Personal and Project Context¶
Some personal context: my perspective is informed by nearly two decades of work on PyPy. PyPy's implementation language, RPython, has support for a meta-JIT, which allows it to reuse its JIT infrastructure for the various Python versions that we support (currently we do releases of PyPy2.7 and PyPy3.10 together). Our meta-JIT infrastructure has been used for some experimental different languages like:
- PyPy's regular expression engine
- RPySom, a tiny Smalltalk
- Ruby
- PHP
- Prolog,
- Racket,
- a database (SQLite)
- Lox, the language of Crafting Interpreters
- an ARM and RISC-V emulator
- and many more
Those implementations had various degrees of maturity and many of them are research software and aren't maintained any more.
PyPy gives itself the goal to try to be extremely compatible with all the quirks of the Python language. We don't change the Python language to make things easier to compile and we support the introspection and debugging features of Python. We try very hard to have no opinions on language design. The CPython core developers come up with the semantics, we somehow deal with them.
Meta-tracing¶
PyPy started using a tracing JIT approach not because we thought method-based just-in-time compilers are bad.
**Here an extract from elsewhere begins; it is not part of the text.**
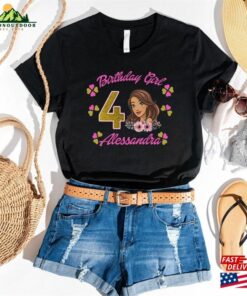 Girl Birthday Personalized Shirt Custom Blonde T Shirt Unisex 4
Historically we had tried to implement a method-based meta-JIT that was using partial evaluation (we wrote three or four method-based prototypes that all weren't as good as we hoped). After all those experiments failed we switched to the tracing approach, and only at this point did our meta-JIT start producing interesting performance.
In the meta-JIT context tracing has good properties, because tracing has relatively understandable behavior and its easy(ish) to tweak how things work with extra annotations in the interpreter source.
Another reason why meta-tracing often works well for PyPy is that it can often slice through the complicated layers of Python quite effectively and remove a lot of overhead. Python is often described as simple, but I think that's actually a misconception. On the implementation level it's a very big and complicated language, and it is also continuously getting new features every year (the language is quite a bit more complicated than Javascript, for example1).
Truffle¶
Later Truffle came along and made a method-based meta-JIT using partial evaluation work. However Truffle (and Graal) has had significantly more people working on it and much more money invested. In addition, it at first required a quite specific style of AST-based interpreters (in the last few years they have also added support for bytecode-based interpreters).
It's still my impression that getting similar results with Truffle is more work for language implementers than with RPython, and the warmup of Truffle can often pretty bad. But Truffle is definitely an existence proof that meta-JITs don't have to be based on tracing.
Tracing, the good¶
Let's now actually get to he heart of Shriram's question and discuss some of the advantages of tracing that go beyond the ease of using tracing for a meta-JIT.
Tracing allows for doing very aggressive partial inlining, Following just the hot path through lots of layers of abstraction is obviously often really useful for generating fast code.
It's definitely possible to achieve the same effect in a method-based context with path splitting. But it requires a lot more implementation work and is not trivial, because the path execution counts of inlined functions can often be very call-site dependent. Tracing, on the other hand, gives you call-site dependent path splitting "for free".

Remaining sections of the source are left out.